Es ist nicht ganz von der Hand zu weisen, dass ein Geschäft für Bademode unter anhaltend schlechtem Wetter leidet. Auch ein Regenschirmhändler kommt unter Druck, wenn wochenlang die Sonne scheint. Doch sind die meisten amerikanischen Einzelhändler – vor allem die Branchenriesen, deren Umsätze die Aktienmärkte bewegen – etwas breiter aufgestellt.
So sind weder bei Target, noch bei JC Penney Sommer- und Winterklamotten die größten Umsatzbringer, und selbst reine Modeketten haben normalerweise ein breites Sortiment, mit dem sich dem Wetter entsprechend haushalten lässt. Dass das nicht klappt, zeigt sich fast jeden neuen Monat an der Wall Street, wenn die Unternehmen ihre Umsatzzahlen vorlegen – und jede Enttäuschung auf's Wetter schieben.
Mal zu heiß, mal zu kalt
Da ist es mal zu heiß und mal zu kalt – und manchmal auch beides auf einmal. Wie im vergangenen Winter. Da beklagten zahlreiche auf Winterbedarf ausgerichtete Ketten die milden Temperaturen. Andere, vom Wetter unabhängige Einzelhändler schimpften, dass die unerwartet bittere Kälte und Unmengen von Schnee und Eis die Kunden von den Malls ferngehalten hätten.

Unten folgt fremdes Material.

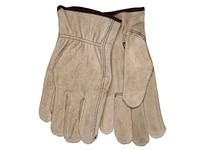 MCR 3130XL Regular Grade Shoulder Split Driver Brown | Keystone Thumb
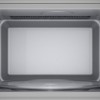 Siemens BE555LMB1 - iQ500 - Inbouwmagnetron - 59x38 cm - 25 l - Zwart - Eenvoudig te reinigen met hydrolyse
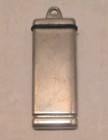 Rare Orient Express Venice Simplon Collectible Keychain Ingot Famous Trains — photo 3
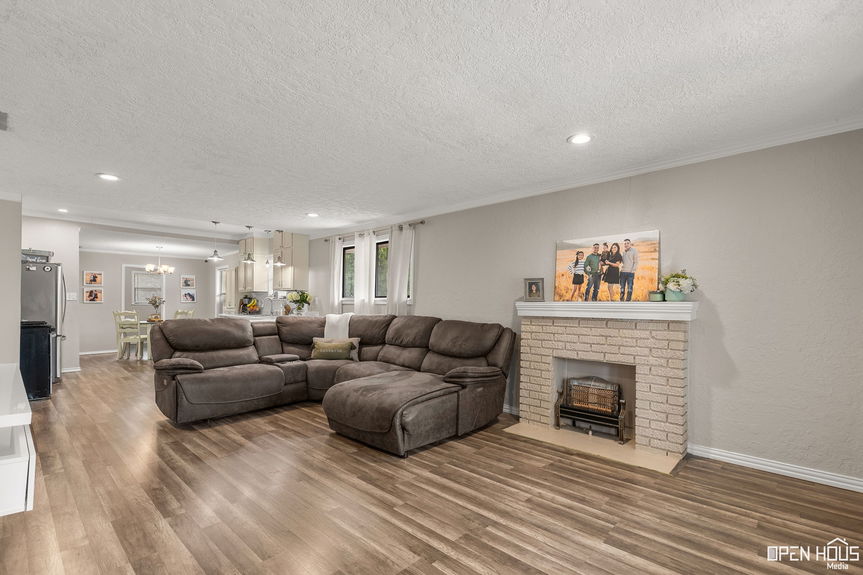 Modern Comforts in a Classic Setting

Auch im Frühling gab es allerlei inkonsequentes Geschwafel aus der Branche. Für den März entschuldigten die Läden ihre schwachen Umsätze mit dem späten Osterfest, was die Wall Street prompt akzeptierte. Im April, als Ostern dann doch stattfand, waren die Umsätze indes kein bisschen besser.
Strand statt Shopping
Es ist leicht abzusehen was im nächsten Monat passiert: Nachdem man nun den unerwartet kühlen Sommerbeginn als Ursache für schwache Geschäfte ausgemacht hat, wird man sich nach dem Juli wohl darüber beschweren, dass die Amerikaner angesichts der heißen Temperaturen nicht einkaufen, sondern viel lieber an den Strand wollten. Oder zuhause bleiben.
Anleger sollten sich – und das gilt überhaupt im Aktiengeschäft! – von den täglichen Meldungen über monatliche Indizes und wöchentliche Statistiken lösen. Der Einzelhandel leidet nicht unter dem Willen des Wolkengottes, sondern unter dem Sparzwang der Kunden, die von einer schlimmen Rezession gebeutelt wurden. Viele haben ihre Häuser verloren oder zumindest arge Probleme, die monatlichen Raten abzustottern. Ein Großteil der Bevölkerung erstickt in Kreditkartenschulden und Zinszahlungen. Da haben neue Kleider, Bücher oder Bademäntel eben keine Priorität.
Mit solchen Erkenntnissen ist und bleibt der Einzelhandel einer der wichtigsten Konjunkturindikatoren. Er nutzt dem Anleger aber nur, wenn er als solcher kritisch betrachtet wird.